Hence for the above convolution integral alone to have a chance to exist, it is sufficient that either of the two Fourier transforms decays at least with power $-N-1$ in either of the two directions, where $N$ is the order of the other distribution. However, for this still to work also for all derivatives of the distributions, given that under Fourier transform each derivative increases the order by one, we need that in both of the two directions $k \to \pm \infty$ one of the two Fourier transform decays faster than any finite power. But this is the condition that $\pm k$ is not in the wave front set of one of the two distributions, hence is the compatibility conditions on wave front sets.

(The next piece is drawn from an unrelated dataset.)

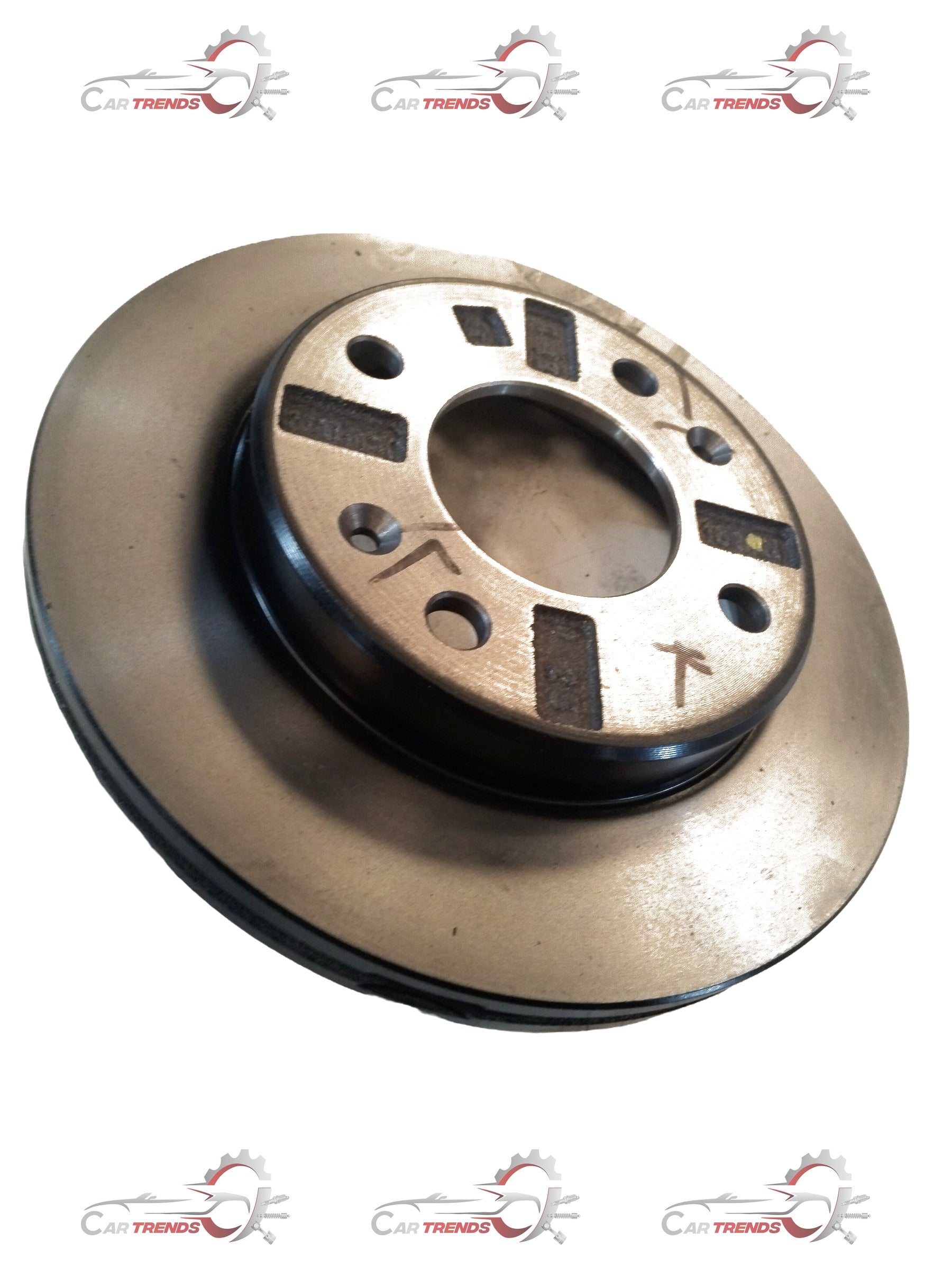 CarTrends brake disc for Tata Punch, durable automotive brake disc with vented design, visible in the image.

That’s the idea. I don’t see what I just sketched stated as a theorem in Hörmander’s book, though. It must be implicit in his proof of theorem 8.2.4 (pullback of distributions) but it seems to require work to make this explicit. I see it stated without proof in various reviews (for instance in arXiv:1404.1778 item iv) on top of p. 12). It seems like a proof might be explicit in the book
but I have not seen (enough of) that book yet.
Actually #17 is what I wanted. So the problem is not with the initial product $H^n(x)$, but that the product $n H^{n-1}(x) \delta(x)$ in the “chain rule” is not valid. What is the wave front set of $H$ exactly?

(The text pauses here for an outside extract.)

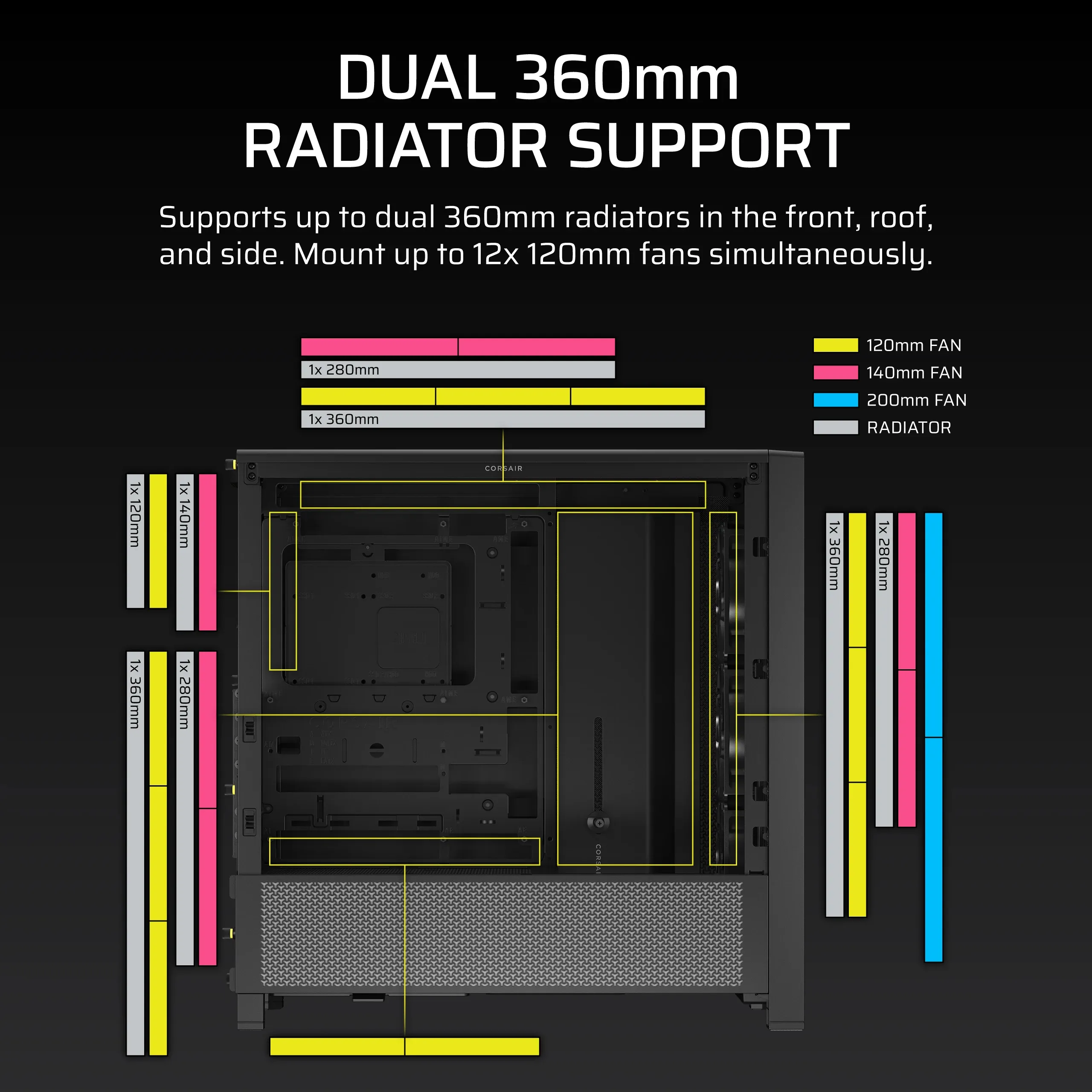 Corsair FRAME 4000D RS Airflow - midi tower window, black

According to example 15 in arXiv:1404.1778 the wave front set of the Heaviside function $H$ is also $\{ (0,k) \vert k \neq 0 \}$. (Hm, but does the proof offered there really show this?) This would mean that also $H^n$ is not admissible in itself.

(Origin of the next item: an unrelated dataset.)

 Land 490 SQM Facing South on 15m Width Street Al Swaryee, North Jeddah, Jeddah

And that makes sense in view of the example considered, because the derivative is $H' = \delta$, so if $H^{n+1}$ were admissible, then $H^n \delta$ would be.
Shouldn’t there be a disambiguation
There was such, right after the table of contents. I have moved it to the top of the entry.
Thanks. What’s an example of a distribution whose wave front set is nonempty but not all of $k\neq 0$?
Also, it looks from a superficial glance at the definitions as though we could consider the wave front set to be a subset of the 1-dimensional projective space over the cotangent space. Is that right?
Mike, what do you mean by
1-dimensional projective space over the cotangent space.
do you mean a $\mathbb{P}^1$-bundle over $T^*X$?
I meant apply the functor $P^1 : Vect \to Top$ fiberwise to $T^*X$.
But P^1 is not the functor, it is P, and the dimension comes from the dimension of the vector space, no? Note also, that the cone is not necessarily symmetric around the origin, which means that even taking the projective bundle of the cotangent bundle won’t work.
Oh, sorry, yes, I meant $P$. I was thinking of the fact that the points of projective space are 1-dimensional subspaces, but I forgot that when you consider higher dimensional subspaces, for some reason it’s called a “Grassmanian” instead of a projective space.
I also missed that the “conic sets” are only stable under multiplication by positive scalars. But in that case it seems even easier: the wave front set should be a subspace of the unit sphere bundle of the cotangent bundle.
Right, the wave front set is what they call “conal” or “conic”. I agree that thinking of it as a subspace of the unit co-sphere bundle would be more elegant.
What’s an example of a distribution whose wave front set is nonempty but not all of $k\neq 0$?
The Heaviside distribution on higher dimensional space has wave fronts being orthogonal to the hyperplane at which the function jumps.
More generally, the wave front set of a characteristic function of a subset $U \subset \mathbb{R}^n$ with smooth boundary $\partial U \subset \mathbb{R}^n$ (hence the distribution which integrates its argument over $U$) is the conormal bundle of $\partial U \subset \mathbb{R}^n$. (See around figure 3 in arXiv:1404.1778. Apparently this is how wave front sets are used in computer image recognition.)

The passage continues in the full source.